The paper examines the economic impact of AI in the United States, focusing on the challenges of measuring AI's effects using current national economic accounts. Since there is currently no direct line item for AI in the U.S. accounts, the authors use indirect methods, analyzing data from the BEA industry accounts. They discuss measurement difficulties and recommend steps for future research and data collection.
The inquiry draws on the experience of measuring information technology (IT) in the late 20th century, when economists debated the IT productivity paradox—the notion that IT’s rapid advances were not immediately visible in economic statistics. Over time, with better data and new techniques, researchers showed that IT production and investment were major contributors to U.S. economic growth.
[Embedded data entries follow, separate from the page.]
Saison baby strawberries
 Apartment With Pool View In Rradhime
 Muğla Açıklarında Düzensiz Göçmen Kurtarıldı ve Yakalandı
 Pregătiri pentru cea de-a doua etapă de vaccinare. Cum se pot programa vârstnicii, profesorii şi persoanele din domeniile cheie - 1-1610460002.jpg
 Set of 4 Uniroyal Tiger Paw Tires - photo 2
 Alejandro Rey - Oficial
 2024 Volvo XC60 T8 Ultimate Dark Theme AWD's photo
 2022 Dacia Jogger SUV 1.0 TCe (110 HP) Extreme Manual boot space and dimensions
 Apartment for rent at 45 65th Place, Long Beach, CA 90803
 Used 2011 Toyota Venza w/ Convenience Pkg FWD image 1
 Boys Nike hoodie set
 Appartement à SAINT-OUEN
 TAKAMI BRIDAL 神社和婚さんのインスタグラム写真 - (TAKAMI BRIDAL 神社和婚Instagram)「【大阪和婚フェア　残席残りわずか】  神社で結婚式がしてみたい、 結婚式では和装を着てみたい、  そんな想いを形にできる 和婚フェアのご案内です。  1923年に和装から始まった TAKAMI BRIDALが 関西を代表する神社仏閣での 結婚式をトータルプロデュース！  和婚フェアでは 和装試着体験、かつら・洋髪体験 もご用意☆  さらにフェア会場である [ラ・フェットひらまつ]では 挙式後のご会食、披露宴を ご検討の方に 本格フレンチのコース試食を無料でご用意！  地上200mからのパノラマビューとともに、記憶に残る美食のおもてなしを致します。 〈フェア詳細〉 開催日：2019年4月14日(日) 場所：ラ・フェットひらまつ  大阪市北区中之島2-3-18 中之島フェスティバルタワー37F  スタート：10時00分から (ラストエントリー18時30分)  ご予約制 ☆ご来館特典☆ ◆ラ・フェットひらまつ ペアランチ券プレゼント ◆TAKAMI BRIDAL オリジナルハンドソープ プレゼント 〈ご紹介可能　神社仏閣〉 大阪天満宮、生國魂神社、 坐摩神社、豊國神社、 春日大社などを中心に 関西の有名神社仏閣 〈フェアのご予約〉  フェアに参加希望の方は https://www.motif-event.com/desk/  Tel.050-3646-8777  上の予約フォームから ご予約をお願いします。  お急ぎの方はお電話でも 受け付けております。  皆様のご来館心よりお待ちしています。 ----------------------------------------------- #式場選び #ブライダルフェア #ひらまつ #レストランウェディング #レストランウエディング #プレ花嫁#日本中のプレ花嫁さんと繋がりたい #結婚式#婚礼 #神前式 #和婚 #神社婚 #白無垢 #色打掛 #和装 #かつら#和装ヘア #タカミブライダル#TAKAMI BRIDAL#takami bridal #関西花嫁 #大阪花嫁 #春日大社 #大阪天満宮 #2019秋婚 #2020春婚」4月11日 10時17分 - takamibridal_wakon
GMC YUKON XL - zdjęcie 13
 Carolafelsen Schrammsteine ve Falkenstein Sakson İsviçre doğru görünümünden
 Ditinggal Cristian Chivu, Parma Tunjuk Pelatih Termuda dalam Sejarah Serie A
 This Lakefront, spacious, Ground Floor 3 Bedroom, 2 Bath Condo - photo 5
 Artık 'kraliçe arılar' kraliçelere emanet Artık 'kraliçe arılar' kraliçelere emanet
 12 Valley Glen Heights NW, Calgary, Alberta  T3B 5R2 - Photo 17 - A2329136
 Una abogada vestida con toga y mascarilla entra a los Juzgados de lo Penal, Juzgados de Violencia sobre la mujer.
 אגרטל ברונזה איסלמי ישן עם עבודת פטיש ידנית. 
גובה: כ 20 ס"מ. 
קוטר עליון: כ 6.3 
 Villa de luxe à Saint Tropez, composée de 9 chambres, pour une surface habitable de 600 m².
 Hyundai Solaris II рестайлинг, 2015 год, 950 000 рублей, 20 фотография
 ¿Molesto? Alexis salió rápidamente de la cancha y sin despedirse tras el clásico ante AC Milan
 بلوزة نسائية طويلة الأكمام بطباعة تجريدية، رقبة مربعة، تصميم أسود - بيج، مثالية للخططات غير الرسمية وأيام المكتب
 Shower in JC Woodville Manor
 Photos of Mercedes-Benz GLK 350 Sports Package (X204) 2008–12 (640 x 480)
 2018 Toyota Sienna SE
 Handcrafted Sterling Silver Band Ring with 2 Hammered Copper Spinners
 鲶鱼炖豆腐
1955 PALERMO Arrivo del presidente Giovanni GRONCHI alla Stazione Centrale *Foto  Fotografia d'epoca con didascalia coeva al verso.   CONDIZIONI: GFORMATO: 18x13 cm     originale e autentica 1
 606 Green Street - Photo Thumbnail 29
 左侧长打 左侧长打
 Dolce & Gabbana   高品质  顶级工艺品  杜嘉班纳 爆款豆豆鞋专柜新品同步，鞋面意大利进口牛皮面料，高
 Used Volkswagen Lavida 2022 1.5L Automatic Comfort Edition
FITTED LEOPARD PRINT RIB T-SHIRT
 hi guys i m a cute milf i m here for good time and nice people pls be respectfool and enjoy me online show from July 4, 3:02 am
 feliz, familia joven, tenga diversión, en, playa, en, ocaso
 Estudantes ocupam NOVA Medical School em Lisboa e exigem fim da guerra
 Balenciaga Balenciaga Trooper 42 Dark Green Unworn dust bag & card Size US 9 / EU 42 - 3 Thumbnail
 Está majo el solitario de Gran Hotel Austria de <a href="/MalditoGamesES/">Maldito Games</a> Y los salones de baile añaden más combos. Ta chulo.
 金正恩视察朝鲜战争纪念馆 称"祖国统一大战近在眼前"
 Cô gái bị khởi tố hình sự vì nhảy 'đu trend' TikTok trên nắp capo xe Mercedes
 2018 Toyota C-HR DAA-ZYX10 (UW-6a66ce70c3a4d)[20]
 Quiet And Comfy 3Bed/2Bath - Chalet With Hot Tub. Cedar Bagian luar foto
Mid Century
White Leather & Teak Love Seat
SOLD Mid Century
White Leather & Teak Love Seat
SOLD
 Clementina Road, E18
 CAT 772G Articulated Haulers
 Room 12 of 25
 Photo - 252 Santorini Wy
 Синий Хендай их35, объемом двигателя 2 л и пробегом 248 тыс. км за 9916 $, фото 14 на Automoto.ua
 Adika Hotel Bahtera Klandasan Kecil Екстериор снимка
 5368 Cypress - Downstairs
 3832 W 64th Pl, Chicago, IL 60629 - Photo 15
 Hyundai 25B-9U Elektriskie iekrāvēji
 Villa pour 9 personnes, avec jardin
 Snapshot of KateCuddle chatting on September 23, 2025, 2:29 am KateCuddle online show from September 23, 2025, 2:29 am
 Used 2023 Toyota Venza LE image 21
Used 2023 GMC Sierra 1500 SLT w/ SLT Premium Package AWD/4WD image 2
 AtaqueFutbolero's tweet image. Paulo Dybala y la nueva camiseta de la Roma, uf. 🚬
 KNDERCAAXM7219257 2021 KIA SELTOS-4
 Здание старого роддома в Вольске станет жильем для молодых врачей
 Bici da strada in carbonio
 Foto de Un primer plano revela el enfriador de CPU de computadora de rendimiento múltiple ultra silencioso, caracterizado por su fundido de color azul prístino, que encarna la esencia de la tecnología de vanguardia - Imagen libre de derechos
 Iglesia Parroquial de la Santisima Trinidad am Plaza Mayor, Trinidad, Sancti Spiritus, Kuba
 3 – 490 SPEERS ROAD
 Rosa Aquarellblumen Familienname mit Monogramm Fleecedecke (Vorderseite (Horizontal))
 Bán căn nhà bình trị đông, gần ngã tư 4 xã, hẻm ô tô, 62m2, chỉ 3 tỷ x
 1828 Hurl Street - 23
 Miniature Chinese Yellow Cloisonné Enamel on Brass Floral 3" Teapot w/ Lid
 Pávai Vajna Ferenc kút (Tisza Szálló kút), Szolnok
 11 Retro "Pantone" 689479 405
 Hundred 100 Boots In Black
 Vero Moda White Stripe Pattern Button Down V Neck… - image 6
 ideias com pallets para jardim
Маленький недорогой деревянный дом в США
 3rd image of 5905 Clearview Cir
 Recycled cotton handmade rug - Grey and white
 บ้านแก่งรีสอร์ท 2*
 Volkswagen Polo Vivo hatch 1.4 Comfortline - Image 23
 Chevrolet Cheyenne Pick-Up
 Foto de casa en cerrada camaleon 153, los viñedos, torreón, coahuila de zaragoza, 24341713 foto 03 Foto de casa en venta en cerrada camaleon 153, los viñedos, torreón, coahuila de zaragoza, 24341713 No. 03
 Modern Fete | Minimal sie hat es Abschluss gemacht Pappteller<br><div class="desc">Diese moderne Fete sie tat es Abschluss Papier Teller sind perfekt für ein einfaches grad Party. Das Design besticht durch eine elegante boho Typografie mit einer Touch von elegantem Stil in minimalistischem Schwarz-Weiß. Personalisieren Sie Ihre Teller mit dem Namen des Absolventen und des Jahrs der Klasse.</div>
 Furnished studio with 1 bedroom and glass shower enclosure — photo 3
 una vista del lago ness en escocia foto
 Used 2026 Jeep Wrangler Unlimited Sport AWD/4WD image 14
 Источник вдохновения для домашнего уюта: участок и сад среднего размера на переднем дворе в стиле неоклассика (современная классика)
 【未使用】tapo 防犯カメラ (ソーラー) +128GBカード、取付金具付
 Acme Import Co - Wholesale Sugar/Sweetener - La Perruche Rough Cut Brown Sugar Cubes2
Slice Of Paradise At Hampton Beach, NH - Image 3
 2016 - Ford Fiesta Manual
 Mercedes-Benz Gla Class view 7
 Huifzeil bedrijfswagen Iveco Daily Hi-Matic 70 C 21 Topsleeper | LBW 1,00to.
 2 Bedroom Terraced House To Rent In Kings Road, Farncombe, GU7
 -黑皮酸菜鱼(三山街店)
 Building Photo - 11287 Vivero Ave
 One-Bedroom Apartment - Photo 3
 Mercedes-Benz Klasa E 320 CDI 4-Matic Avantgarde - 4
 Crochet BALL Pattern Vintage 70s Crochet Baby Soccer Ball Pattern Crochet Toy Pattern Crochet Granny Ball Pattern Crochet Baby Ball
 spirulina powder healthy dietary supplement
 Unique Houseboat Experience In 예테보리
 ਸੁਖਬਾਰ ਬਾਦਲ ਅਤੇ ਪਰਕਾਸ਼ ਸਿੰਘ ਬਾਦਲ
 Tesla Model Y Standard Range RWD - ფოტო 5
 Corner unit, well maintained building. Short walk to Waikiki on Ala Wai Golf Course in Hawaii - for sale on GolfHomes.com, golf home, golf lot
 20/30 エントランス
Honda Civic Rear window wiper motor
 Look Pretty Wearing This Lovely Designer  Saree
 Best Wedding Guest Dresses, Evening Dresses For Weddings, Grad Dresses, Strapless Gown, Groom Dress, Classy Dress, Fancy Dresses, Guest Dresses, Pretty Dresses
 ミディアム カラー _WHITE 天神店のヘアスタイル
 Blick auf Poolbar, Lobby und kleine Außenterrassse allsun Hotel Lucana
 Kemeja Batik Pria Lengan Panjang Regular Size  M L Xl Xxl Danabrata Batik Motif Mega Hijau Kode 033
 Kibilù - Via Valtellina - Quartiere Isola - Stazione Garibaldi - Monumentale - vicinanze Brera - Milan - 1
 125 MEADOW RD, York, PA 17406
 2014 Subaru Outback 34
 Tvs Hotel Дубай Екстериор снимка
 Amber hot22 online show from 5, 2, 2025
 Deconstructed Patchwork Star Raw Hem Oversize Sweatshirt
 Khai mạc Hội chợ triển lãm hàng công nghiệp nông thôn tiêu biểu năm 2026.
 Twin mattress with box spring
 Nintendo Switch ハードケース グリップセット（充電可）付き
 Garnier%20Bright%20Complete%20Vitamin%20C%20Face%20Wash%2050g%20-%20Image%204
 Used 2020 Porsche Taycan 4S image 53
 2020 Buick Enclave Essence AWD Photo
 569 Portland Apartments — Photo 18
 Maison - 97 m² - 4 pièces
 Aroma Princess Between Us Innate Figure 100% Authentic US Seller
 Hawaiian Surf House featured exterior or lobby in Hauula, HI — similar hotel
The U.S. statistical system has started to address the need to measure AI's economic effects. For example, the U.S. Census Bureau and the National Center for Science and Engineering Statistics began collecting data on AI use by industry in the 2019 Annual Business Survey, with some data available for 2016–2018. Based on mentions in Google Trends data, as depicted in the chart, AI seems to have entered the zeitgeist in 2022. Therefore, the Highfill-Samuels paper takes that as a starting point for when AI may have begun to have macroeconomic impacts.
The paper does not claim to answer all questions about AI’s economic effects. Instead, it assesses what can be learned from currently available macroeconomic data, draws early conclusions, and makes recommendations for next steps. The focus is on broad, economy-wide impacts, rather than the microeconomic effects of AI that might be visible at the firm or industry level before showing up in national statistics.
Using a difference-in-difference model applied to BEA’s data, the authors find that, in their baseline model, AI is associated with higher productivity and reduced use of inputs, including labor. They also find that AI is linked to a shift in the workforce toward younger, less educated workers. An alternative model, using different assumptions about when AI became widespread, produces less robust results but still suggests that AI is labor saving.
The authors emphasize that these findings are preliminary and are sensitive to the choice of model and data. They note that measuring the macroeconomic impact of AI is different from measuring earlier technologies like IT, partly because adopting AI does not always require large capital investments. They recommend further research, with an emphasis on more detailed and consistent data collection, more direct measures of AI use, and improved methods to better understand how AI interacts with other inputs in production.